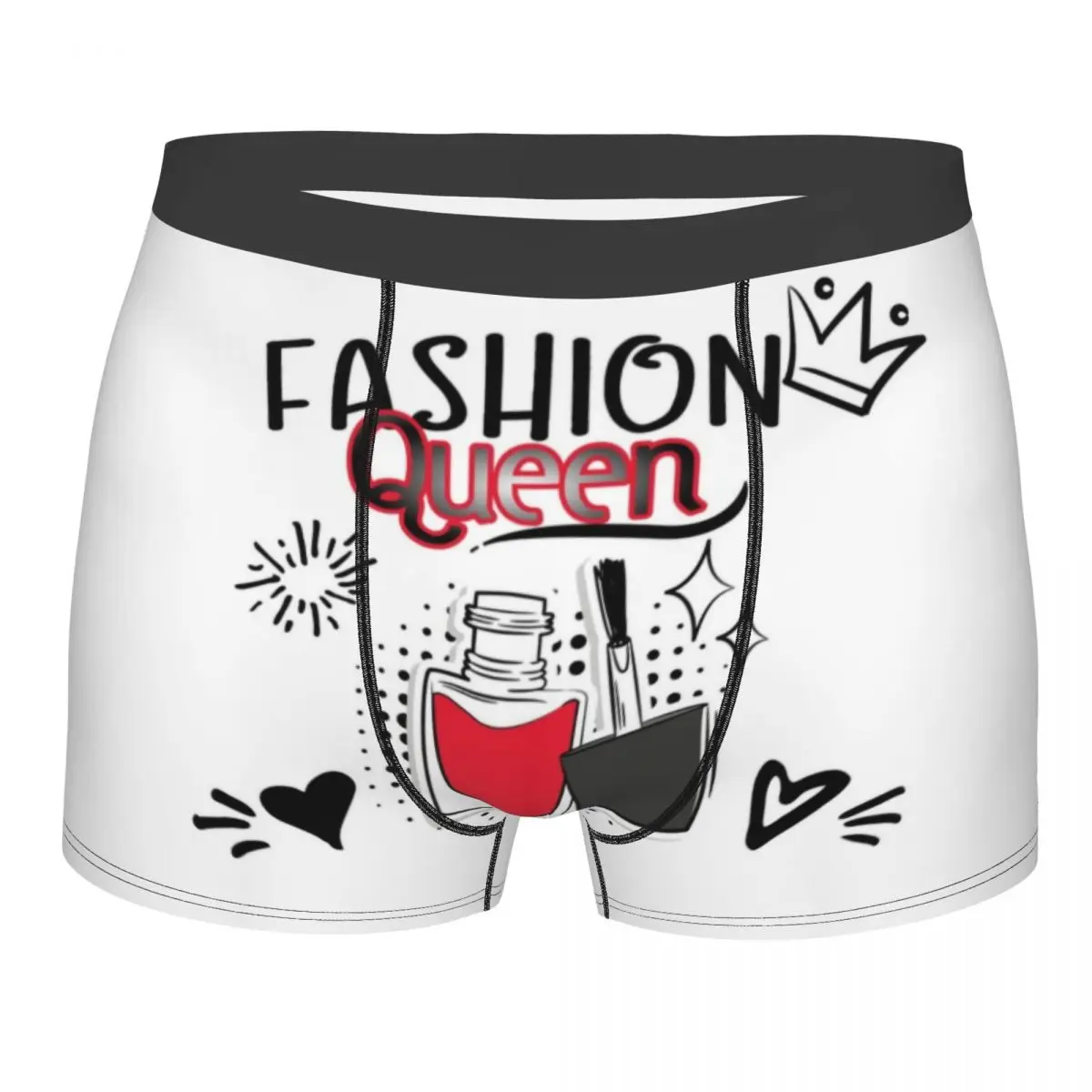 Модное нижнее белье Queen для ногтей под заказ, мужские эластичные маникюрные трусы-боксеры для маникюра
Модное нижнее белье Queen для ногтей под заказ, мужские эластичные маникюрные трусы-боксеры для маникюра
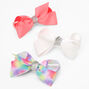 Claire&#39;s Club Tie Dye Loopy Hair Bow Clips - 3 Pack,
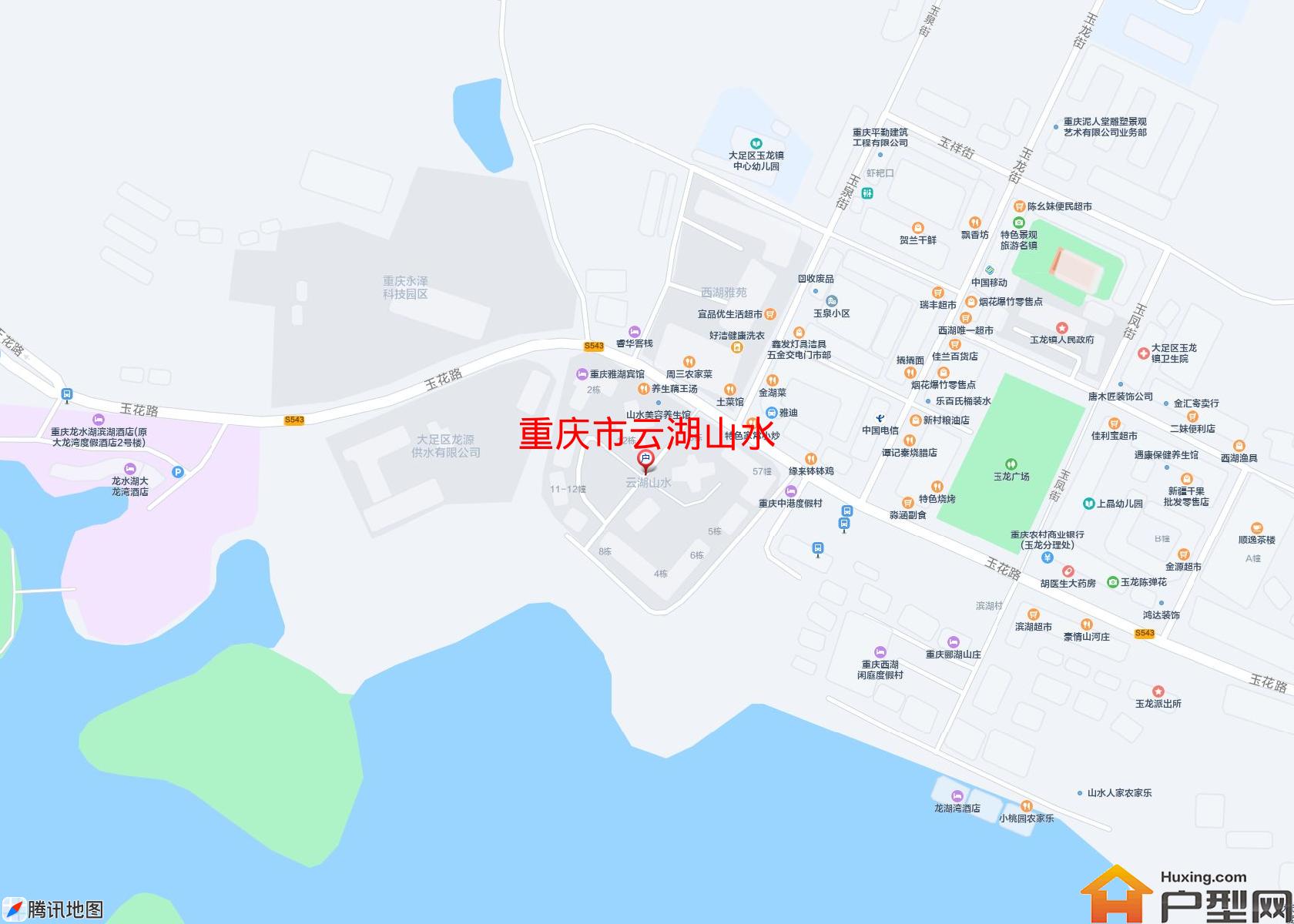 云湖山水小区 - 户型网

^^^^^^^^^^^^^^^^

**Exercise directions:**
What is needed is a verbatim copy of the lines from the line with "Claire&#39;s Club Tie" through the last line of the listing, pictures excluded.

**Written answer:**
 Claire&#39;s Club Tie Dye Loopy Hair Bow Clips - 3 Pack,
 云湖山水小区 - 户型网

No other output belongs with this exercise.